» **Provided information**:
-.-.-
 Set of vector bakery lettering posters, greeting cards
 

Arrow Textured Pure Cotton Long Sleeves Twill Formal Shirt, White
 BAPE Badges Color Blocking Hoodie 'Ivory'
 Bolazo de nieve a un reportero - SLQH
-.-.-
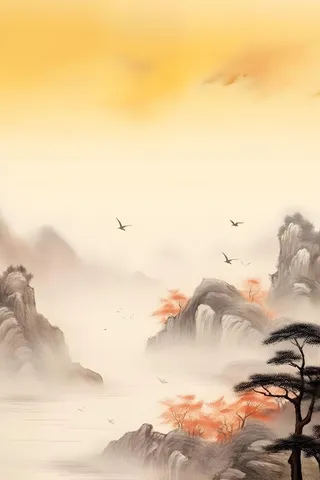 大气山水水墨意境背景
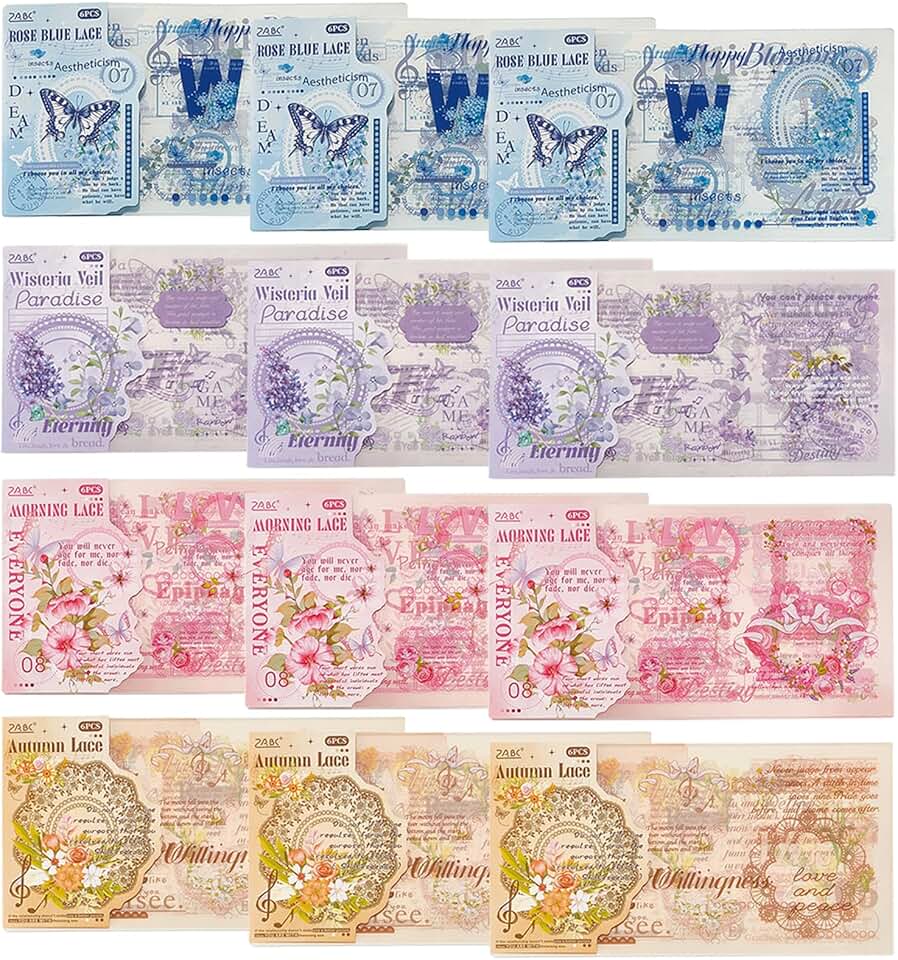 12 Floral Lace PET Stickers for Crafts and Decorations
-.-.-
» **Assignment**: Your answer should be the lines of the listing above between the line holding "BAPE Badges Color Blocking Hoodie 'Ivory'" and the line holding "Bolazo de nieve a un reportero - SLQH", inclusive, restated word for word and alone.

» **Your response**:
 BAPE Badges Color Blocking Hoodie 'Ivory'
 Bolazo de nieve a un reportero - SLQH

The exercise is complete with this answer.